Bjoern Feuerbacher -
heidelberg.de) wrote..
Err, what on earth do these 14 days have to do
with the increase in lightcurve decay time
mentioned above?

As I mentioned in my earlier post I calculated that if
the decay were linear then using Steves calculations
I could calculate `back` and get 14 days for a 1 mag
decay from peak +1. As it happens both you and I
also `read` around 14 days for a 1 mag decay from the
graphs. So if you dont like me suggesting that the
decay is linear and gives 14 days then ignore that and
just use the 14 days that you and I read off the graph.
Same result either way.

Doing a chi squared fit by hand is almost impossible.

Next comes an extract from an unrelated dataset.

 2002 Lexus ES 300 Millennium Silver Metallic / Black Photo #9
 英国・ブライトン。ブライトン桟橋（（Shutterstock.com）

Maybe for a best fit but one can easily do the
calculations for 1 single fit to see if that works. What
I have done is visually found a close fit using graphic
software and noted the new peak day for the restframe
undilated template. I then multiply each day value from
the scp 1997 table by the s value (for that SN) and see
if this new calculated value falls within or close to the
error margins from the high redshift SN data tables. I
did this for a couple and posted them to Steve but
repost them here as Steve is unable to accept the fact
that a non dilated template fits as well as a time
dilated template to the available data. Notice how he
fails to respond to the points I raise about Knop
templates not fitting and he also fails to respond to
the proof that in 1997eq it can be shown that a non
dilated template fits as well as the dilated templates.
Furthermore if he or you can confirm what the peak HST
reading is for 1998ba I can show a good fit , using
numbers , and possibly better than the dilated template
that Knop uses. Here is the relevent part of my post
to Steve ...

If I match day 50817 from 1997eq tables with day -5 on
the undilated V band template (goldhaber table 2) I get
a pretty good match although most are just outside the
HST error margin by a very small amount.The comparisons
are as follows. The HST readings in the first column are
from the tables and include the relevent +- error margin
factored in. (ie 50817 is 0.91+-0.3) The second column
under `V band` is the template day times s with day
0 on the template matching day 50822 from the tables

1997eq V band template (undilated except for s)
50817 0.94 .95 out by +0.01
50824 0.88 .99 out by +0.1
50846 0.36 .36 matches
50855 0.25 .22 out by -0.03
50863 0.21 .15 out by -0.05
A rough calculation shows the v band template would
only have to be dilated by 1.2 (z=0.2) to fit the table
data within error margins if all my numbers are right.
Compare that to its redshift which is 1.54. In other
words its a good fit undilated and a best fit within
error margins by z=1.2 and thus closer to no time
dilation.
I know you will say... "but the fit above isnt within
error margins"...but I notice that quite a few of Knops
template fits are also not within the observed data error
margins by about the same amounts as my 1997eq fit to
the undilated v band template above. Ive noted these
deviations below so maybe you could check his paper
to confirm...
The 4th HST reading in 1998ay I band at 0.4 on about day
50 does not fit Knops template. Its off by about .08+- by
my calculation.
And for 1998ba all the ground based measurements do not
fit his template within their error margins at all nor
more importantly does the 4th HST reading on day 50947
(out by about 0.1)
Also in 1997ez my calculations are that the second HST
reading does not match Knops time dilated template
within error margins. At 0.77 (0.81 to 0.74 error
margins)it is below day 9.53 on the dilated template by
about .06 (Day 9.53 is Day 5(0.875) on the undilated
scp1997 template (table 2 Goldhaber) 5*s*z=9.53)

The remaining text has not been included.